Reproduce the listing below from the line with "Boxing cartoon picture - Sport pictures" to the line with "Jak myć zęby szczoteczką elektryczną", both lines included, character for character, minus any pictures.

──────── DATA EXTRACTS

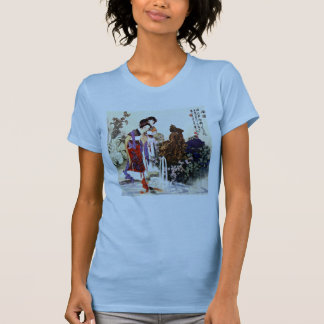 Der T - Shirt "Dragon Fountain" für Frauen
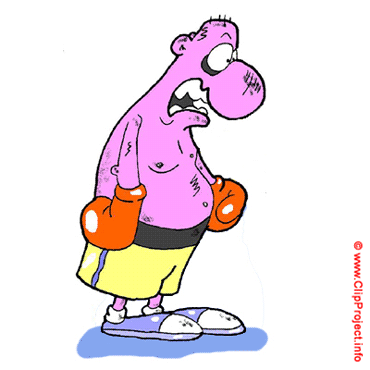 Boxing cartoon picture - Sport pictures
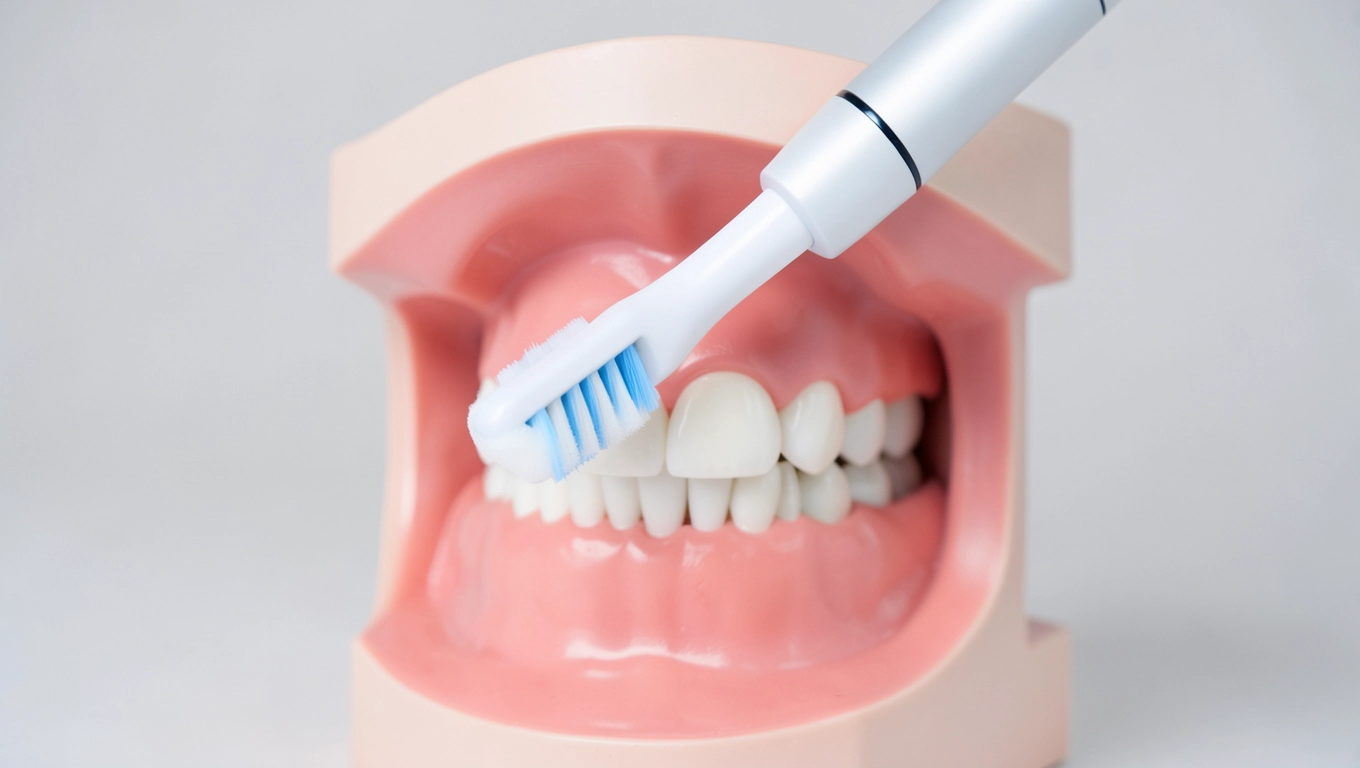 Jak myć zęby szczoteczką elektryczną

────────────────
──────── DATA EXTRACTS

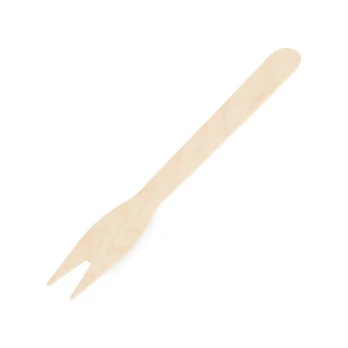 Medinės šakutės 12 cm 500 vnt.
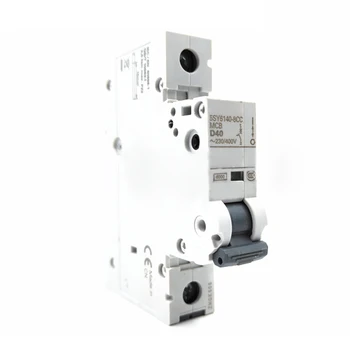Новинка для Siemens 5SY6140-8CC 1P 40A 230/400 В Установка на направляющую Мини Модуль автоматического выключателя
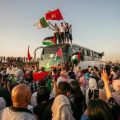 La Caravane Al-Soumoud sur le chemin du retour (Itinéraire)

────────────────
──────── DATA EXTRACTS

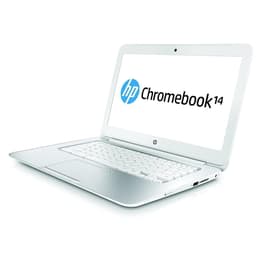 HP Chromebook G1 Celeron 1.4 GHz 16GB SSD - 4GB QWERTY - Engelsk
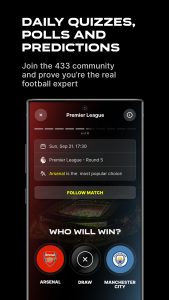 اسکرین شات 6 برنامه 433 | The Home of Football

────────────────

ANSWER:
 Boxing cartoon picture - Sport pictures
 Jak myć zęby szczoteczką elektryczną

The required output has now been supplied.